• **Exercise aim**: Find the line that contains "Nutri Clinic Collagen- pure" in the records below, then repeat exactly that line and each one after it, leaving pictures out.

(Extracted data entries)
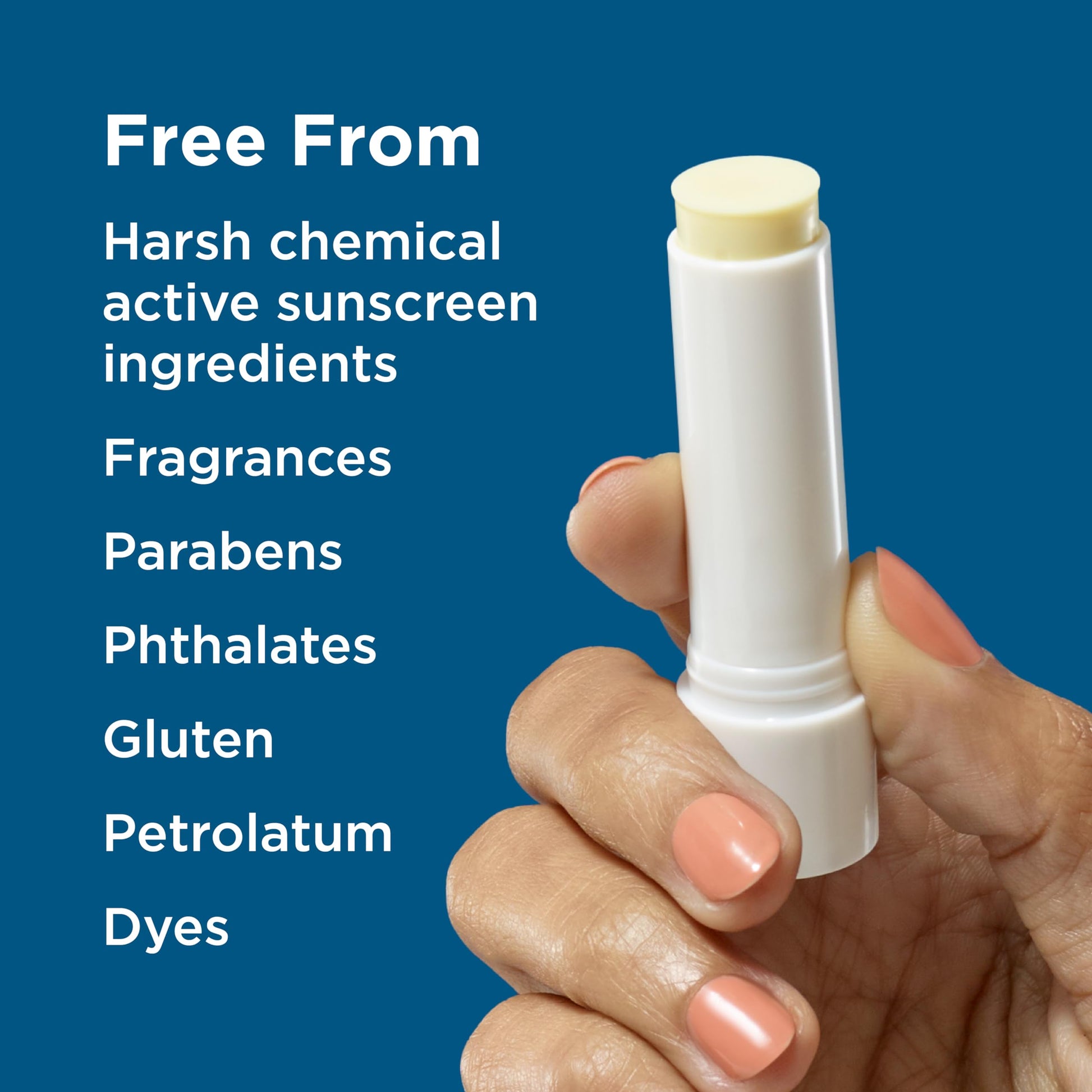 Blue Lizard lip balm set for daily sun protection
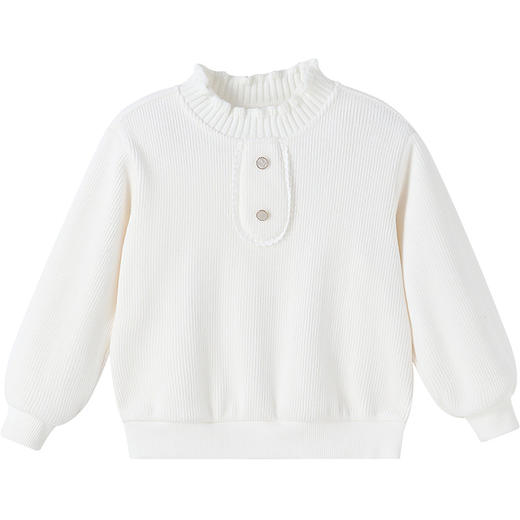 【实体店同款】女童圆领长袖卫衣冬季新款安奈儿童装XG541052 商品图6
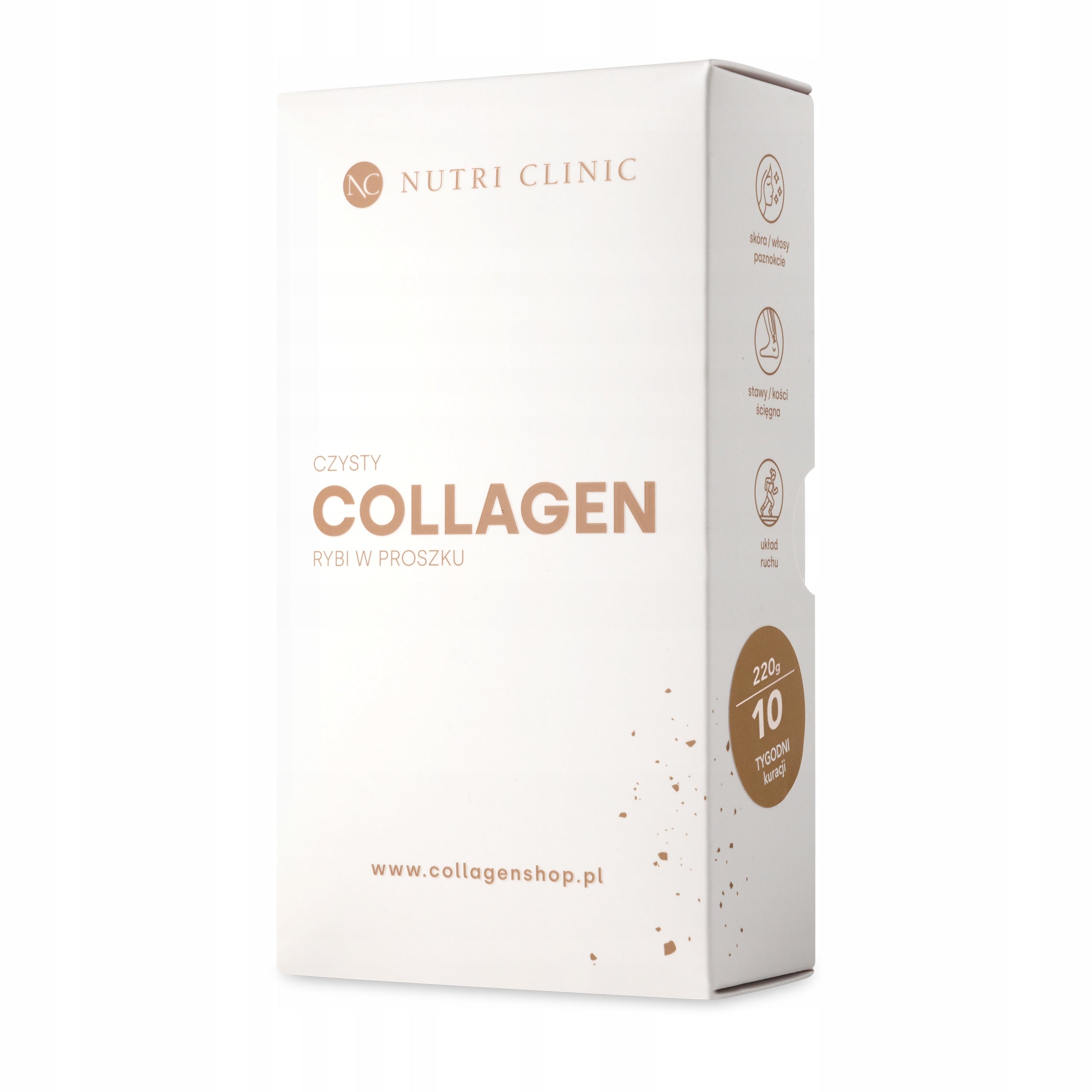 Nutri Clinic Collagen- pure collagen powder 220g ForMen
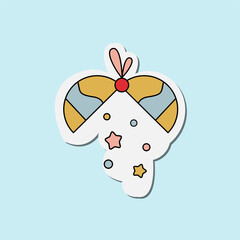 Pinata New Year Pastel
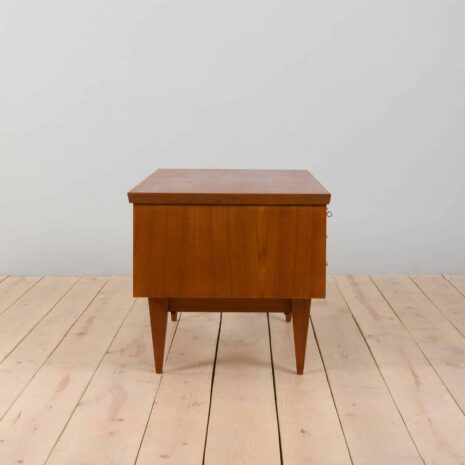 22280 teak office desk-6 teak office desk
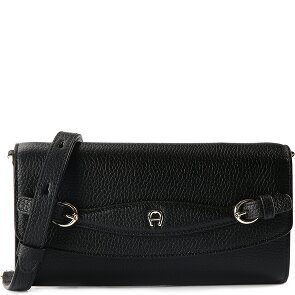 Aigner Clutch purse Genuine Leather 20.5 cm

• **Result below**:
 Nutri Clinic Collagen- pure collagen powder 220g ForMen
 Pinata New Year Pastel
 22280 teak office desk-6 teak office desk
 Aigner Clutch purse Genuine Leather 20.5 cm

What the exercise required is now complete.